Emacs defines most of popular character sets (e.g. ascii, iso-8859-1, cp1250, big5, unicode) as charsets and a few of its own charsets (e.g. emacs, unicode-bmp, eight-bit). All supported characters belong to one or more charsets. Usually you don't have to take care of “charset”, but knowing about it may help understanding the behavior of Emacs in some cases.

One example is a font selection. In each language environment, charsets have different priorities. Emacs, at first, tries to use a font that matches with charsets of higher priority. For instance, in Japanese language environment, the charset japanese-jisx0208 has the highest priority (see Describe Language Environment). So, Emacs tries to use a font whose registry property is “JISX0208.1983-0” for characters belonging to that charset.
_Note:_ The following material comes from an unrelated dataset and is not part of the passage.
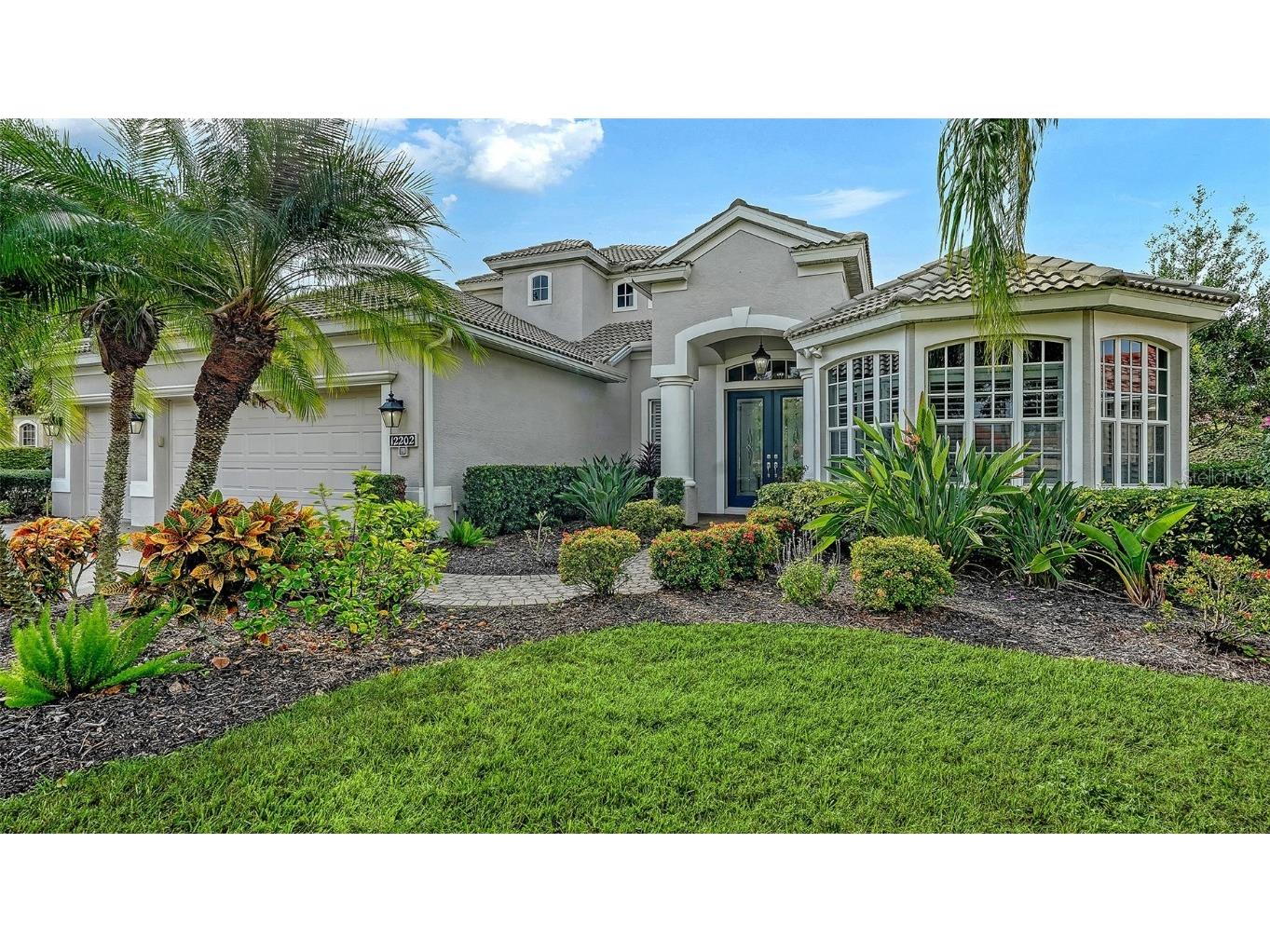 12202 Lobelia Terrace Lakewood Ranch FL 34202 A4673139 image2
Another example is a use of charset text property. When Emacs reads a file encoded in a coding systems that uses escape sequences to switch charsets (e.g. iso-2022-int-1), the buffer text keep the information of the original charset by charset text property. By using this information, Emacs can write the file with the same byte sequence as the original.
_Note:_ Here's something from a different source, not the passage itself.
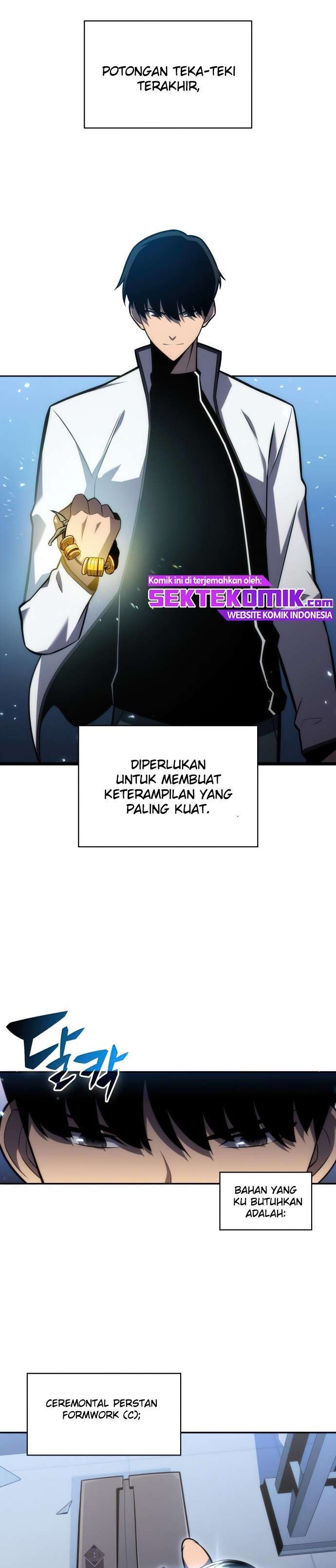 image-komik-solo-max-level-newbie-chapter-7-35/50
There are two commands for obtaining information about Emacs charsets. The command M-x list-charset-chars prompts for a charset name, and displays all the characters in that character set. The command M-x describe-character-set prompts for a charset name and displays information about that charset, including its internal representation within Emacs.

To display a list of all the supported charsets, type M-x list-character-sets. The list gives the names of charsets and additional information to identity each charset (see ISO/IEC's this page <http://www.itscj.ipsj.or.jp/ISO-IR/> for the detail). In the list, charsets are categorized into two; the normal charsets are listed first, and the supplementary charsets are listed last. A charset in the latter category is used for defining another charset (as a parent or a subset), or was used only in Emacs of the older versions.

To find out which charset a character in the buffer belongs to, put point before it and type C-u C-x =.